I was playing with sound synthesis in a program I wrote and I had a wave of the form
$\sin(2\cdot\pi\cdot(f_c+\sin(2\cdot\pi\cdot f_m \cdot t)) \cdot t)$
So, just simple frequency modulation.
When I had a small $f_m$ it was just a simple periodic vibrato, but when I had a large one, say $f_m = f_c$, the timbre kept changing and making really interesting things. I could hear harmonics come and go over time.
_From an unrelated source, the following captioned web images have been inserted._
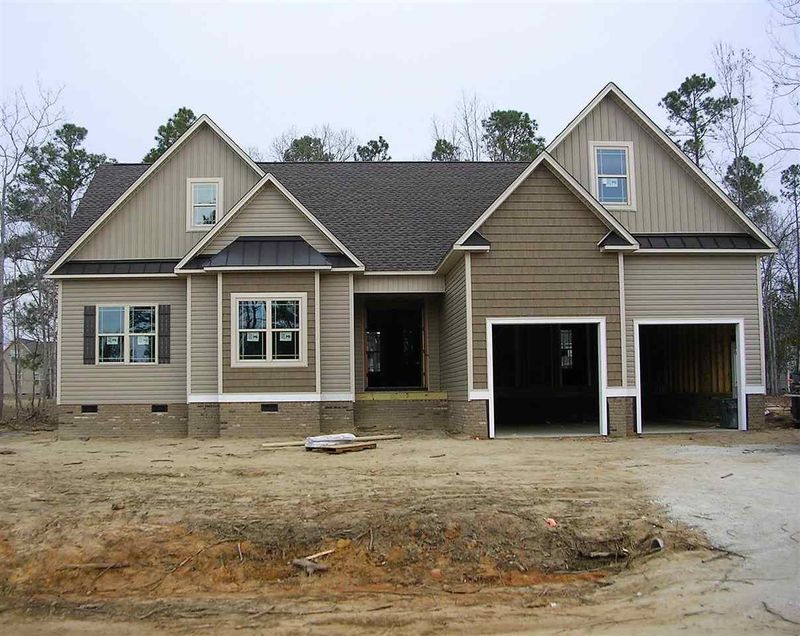 37 Evie Dr #75, Smithfield, NC 27577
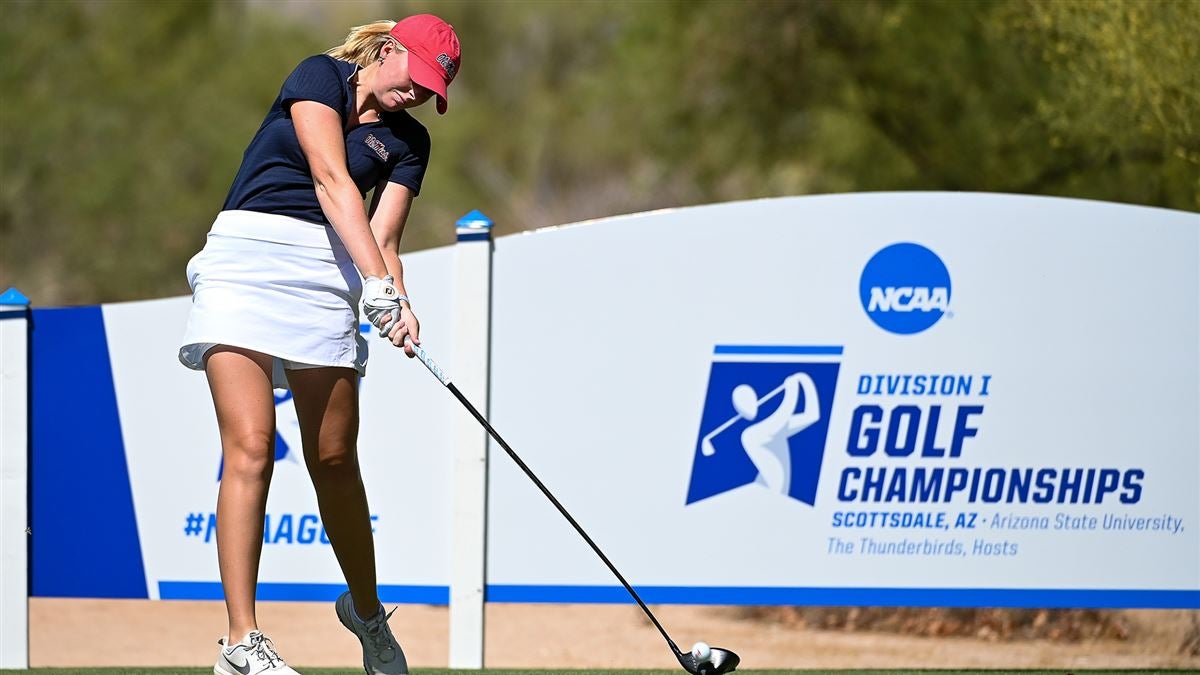 Watch ncaa 2025 golf championship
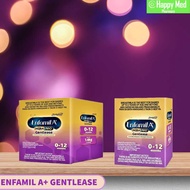 Enfamil A+ Nura Pro Gentlease Infant Formula Powder 0-12 months 800g Enfamil A+ Nura Pro Gentlease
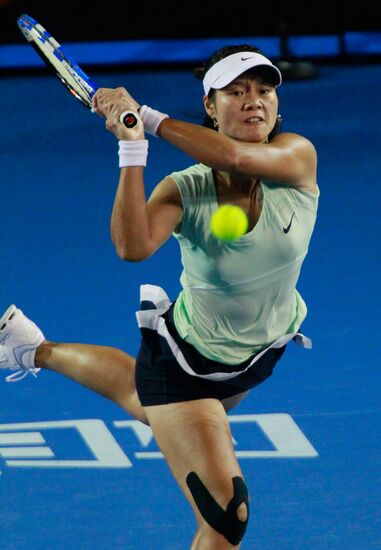 Li Na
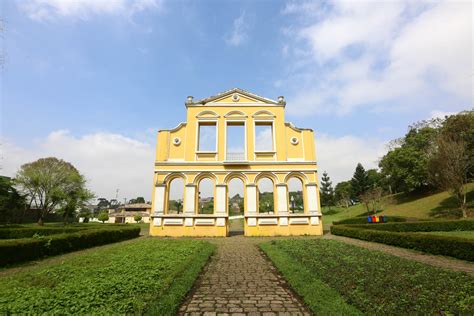 O Que Fazer Em Curitiba Dicas Do Que Fazer Quase De Gra A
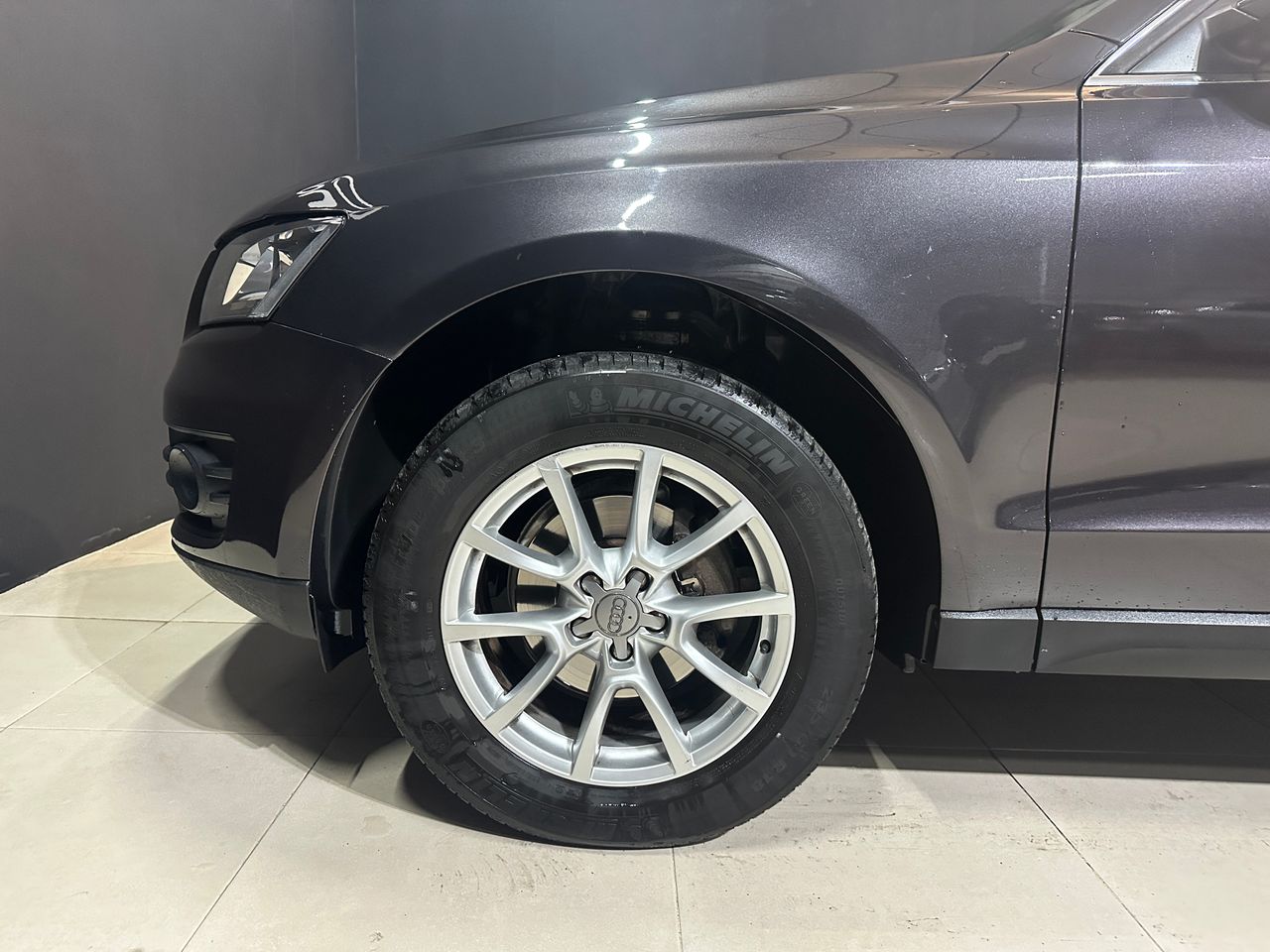 Foto Audi Q5 11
I figured that at every cycle (for $f_m = f_c$ ), the frequency would return to be the same, so it would be repeating overall the same waveform.
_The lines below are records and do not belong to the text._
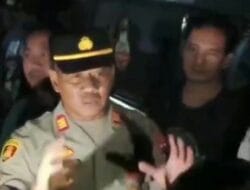 Geger di Majenang, Pria Diduga Setubuhi Anak Kandungnya Sendiri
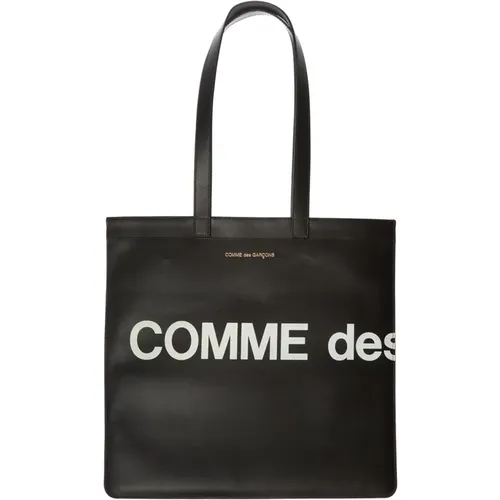 Shopper bag , male, Sizes: ONE SIZE - Comme des Garçons - Modalova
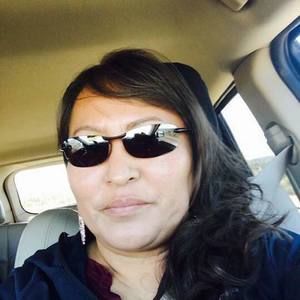 Meet your Posher, Janet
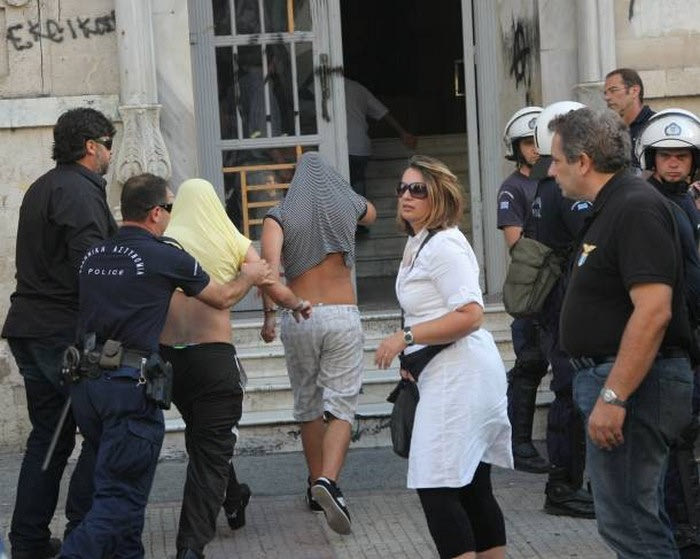 Αλλαγή σκηνικού στην υπόθεση δολοφονίας του Γιάννη Ρουσάκη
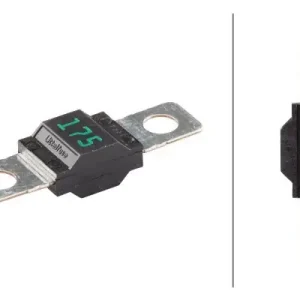 BEZPIECZNIK MIDIVAL 175A ZIELONY Promocja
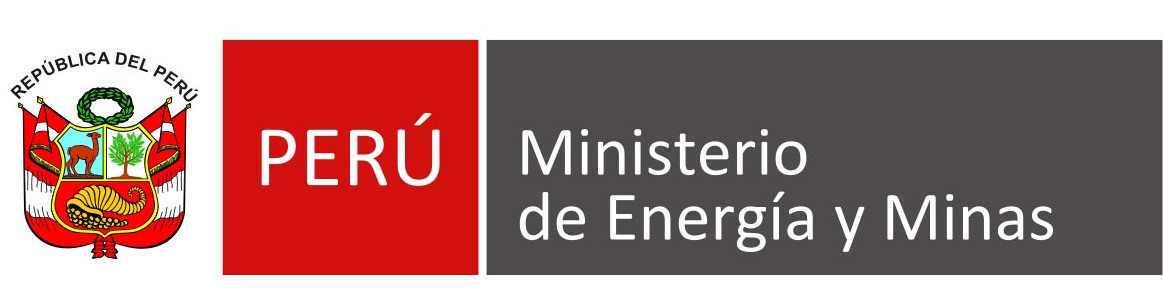 Ministerio de Energía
(since $\sin( (blah)\cdot(t))=\sin( (blah)\cdot(t+1/f))$ and "blah" is always the same every "period".

Why would small modulating frequencies make periodic signals and not large ones? What is wrong with my reasoning? and mainly why are sinusoids modulated with a high frequency aperiodic?

If we take out the $2 \pi$ for simplicity's sake and rescale time such that $f_m/f_c=r$ and $f_c=1$, then we are basically considering
$$s(t)=\sin((1+\sin(rt))t) = \sin(t+t\sin(rt))$$
Now consider $r=1$ and going forward in time by $2 \pi$:
$$s(t+2 \pi)=\sin(t+2 \pi + (t+2\pi) \sin(t+2\pi)) \\ = \sin(t + (t+2 \pi) \sin(t+2 \pi)) \\ = \sin(t + (t + 2 \pi) \sin(t)).$$
This will be the same as $\sin(t + t \sin(t))$ provided $2 \pi \sin(t)$ is an integer multiple of $2 \pi$, which will happen for some nice cases like $t=0$ and $t=\pi/2$. But it won't be when, say, $t=\pi/6$: for $t=\pi/6$ you are effectively shifting the argument of the outer $\sin$ by $\pi$, which will change the value. Indeed $s(\pi/6)=-s(13\pi/6)$. You can see this in a plot.